Here's an HMM that describes a model where a person can be either healthy or feverish, and can exhibit symptoms based on their health (taken from https://en.wikipedia.org/wiki/Viterbi_algorithm):

Screenshot of Mavelous running in a desktop browser

According to this model, there is a 60% chance of starting out healthy and a 40% chance of starting out sick. Then on any given day, if someone is healthy then they have a 70% of staying healthy the next day and a 30% chance of getting a fever.
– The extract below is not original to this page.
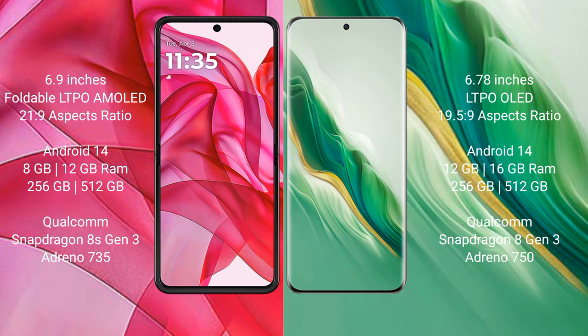Motorola Razr 50 Ultra comes with 8GB or 12GB RAM and 256GB or 512GB internal storage, powered by the Qualcomm Snapdragon 8s Gen 3 processor with Adreno 735 GPU. Honor Magic 6 comes with 12GB or 16GB RAM and 256GB or 512GB internal storage, with the Snapdragon 8 Gen 3 processor and Adreno 750 GPU.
If someone has a fever, they have a 60% of continuing to have a fever the next day, or a 40% chance of recovering.

If someone is healthy, there is a 10% chance of them being dizzy, a 40% chance of them being cold, and a 50% chance of being normal. If someone has a fever, there is a 60% chance of being dizzy, a 30% chance of being cold, and a 10% chance of being normal.

To define an HMM, you call make-hmm with the following keyword arguments:

Argument Description
:states The possible states.
:start-p A map from state → starting probability of the state.
:trans-p A function F(s1, s2) → probability of transitioning from state s1 to state s2.
:emit-p A function F(s, o) → probability of emitting observation o from state s.

For example,

(ns viterbi-example
    (:require [com.lemonodor.viterbi :as viterbi]))

(def hmm
  (viterbi/make-hmm
   :states [:healthy :fever]
   :start-p {:healthy 0.6, :fever 0.4}
   :trans-p (let [t {:healthy {:healthy 0.7, :fever 0.3},
                     :fever {:healthy 0.4, :fever 0.6}}]
              #((t %1) %2))
   :emit-p (let [t {:healthy {:normal 0.5, :cold 0.4, :dizzy 0.1},
                    :fever {:normal 0.1, :cold 0.3, :dizzy 0.6}}]
             #((t %1) %2)))

Now we can find the sequence of states that is most likely given the sequence of observations normal, cold, dizzy:

(viterbi/viterbi hmm [:normal :cold :dizzy])
;; -> [-1.8204482088348124 [:healthy :healthy :fever]]

The return value is a vector containing the log10-probability of the most likely sequence of states, and the most likely sequence of states. In this case, the most likely sequence of states is healthy, healthy, fever.